Of course my Catholic mother followed up her prep-talk on Wednesday morning, New Year’s Day, on our way to Mass. We always started the New Year in church; money was put into an envelope for a thanksgiving Mass to be said for our family by our parish priest; candles were lit as we prayed for our dead grandparents who were tasked with taking care of our every need in the coming year. It felt a little pagan, but also curiously comforting.
This matric year, more money was given, more candles lit, more prayers said.
Twelve months later, on Thursday, 1 January 1976 — armed with my results that allowed me university entry — we repeated the procedure.
I felt like a grown-up as we sipped Oros from the comfort of two deck chairs, deepened by the adult nature of the talk: to help me navigate being away from home for the first time. Ever.
I was going to the University of Durban-Westville — set aside in those dark days of apartheid for Indian students — to study drama; to be an actor.
Little did we know, sitting under our oak, that 1976 would turn out to be a year of social justice and anguish, the year of the Soweto uprising when black students took to the streets to protest the forced introduction of Afrikaans into the curriculum. We did not realise that very little studying would be done in 1976.
On this New Year’s Eve, my mother’s chewy mielie-bread stuck to the roof of my mouth so I couldn’t speak. What I would have said if I could have formed the words — it would be our last oak tree chat — was how much those wonderful hours we spent together, just the two of us, meant to me.

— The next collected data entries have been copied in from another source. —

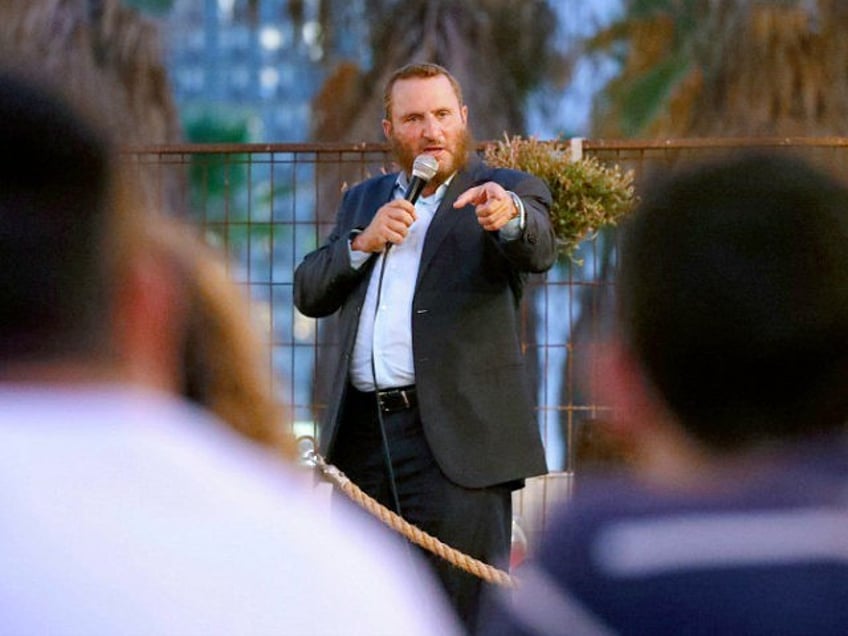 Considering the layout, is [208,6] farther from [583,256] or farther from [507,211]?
[507,211]

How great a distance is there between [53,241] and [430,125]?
2.63 m

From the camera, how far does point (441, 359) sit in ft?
11.5

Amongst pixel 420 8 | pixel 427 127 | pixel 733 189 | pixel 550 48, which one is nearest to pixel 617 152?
pixel 427 127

I have made it my own New Year tradition to have a quiet chat with my long dead mother … to tell her how I’ve taken her wisdom into my life; to let her know that she has been a constant voice in my ear, guiding my every decision.

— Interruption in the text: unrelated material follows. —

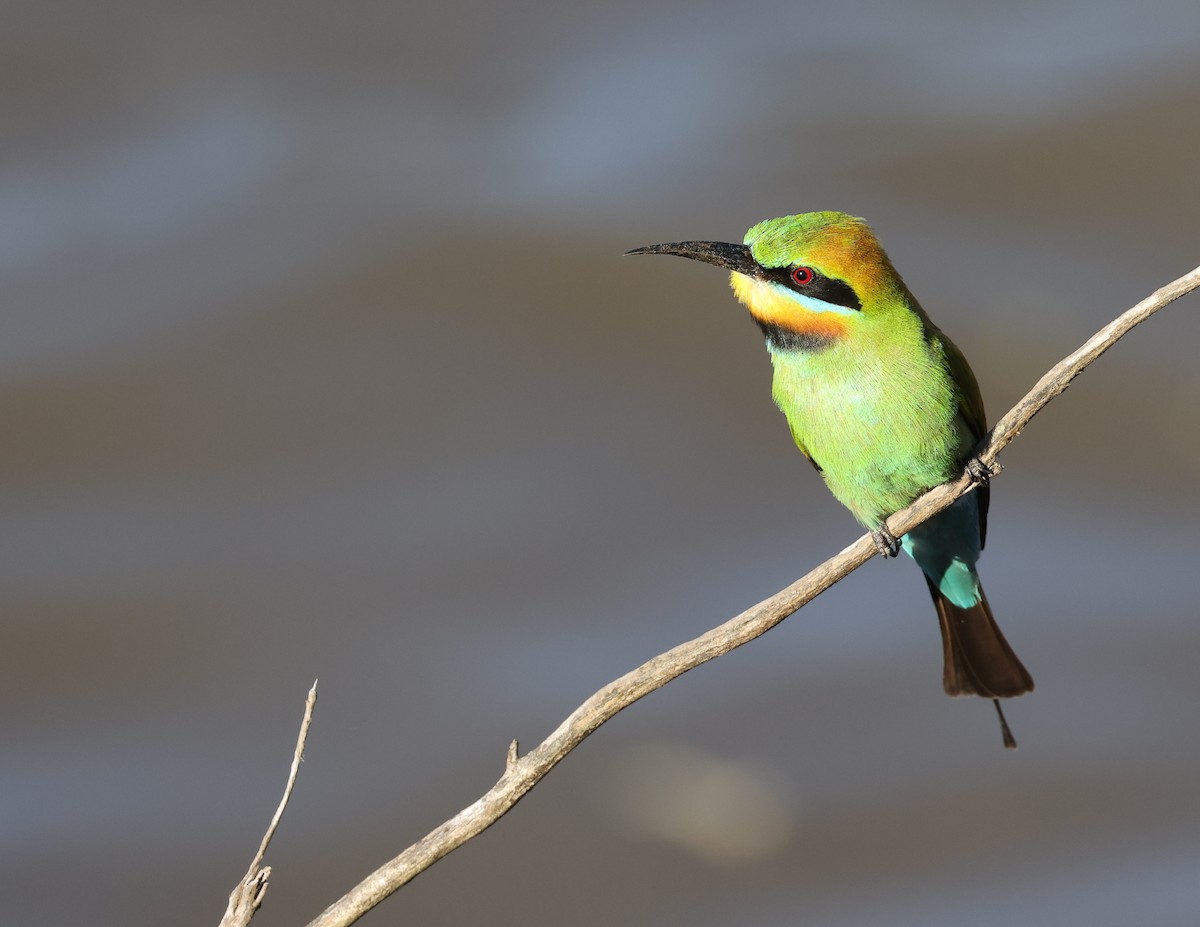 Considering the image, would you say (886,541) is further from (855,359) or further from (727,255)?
(727,255)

I tell my mother that she made New Year a time of reflection and consideration; of planning and deciding for me, something that has helped me shape my life rather than be a pawn in it, moved from square to square depending on other people’s whims.
This New Year, when uncertainty is the only certainty, I went the pagan route. I put money in a virtual envelope (an online EFT) so my parish priest could say Mass for my family.
I lit candles in my home — church is a no-go zone as the second wave hits — and as I prayed I tasked my dead parents with watching over us and taking care of our every need in 2021.